## WHAT YOU ARE ASKED TO DO
Lines before the one containing "Badge de la" are left out; copy that line and every later line through the end of the data exactly.

## SUPPLIED INFORMATION
· · ·

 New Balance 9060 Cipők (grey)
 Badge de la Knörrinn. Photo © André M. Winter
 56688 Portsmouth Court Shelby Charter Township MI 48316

· · ·

## ANSWER BOX
 Badge de la Knörrinn. Photo © André M. Winter
 56688 Portsmouth Court Shelby Charter Township MI 48316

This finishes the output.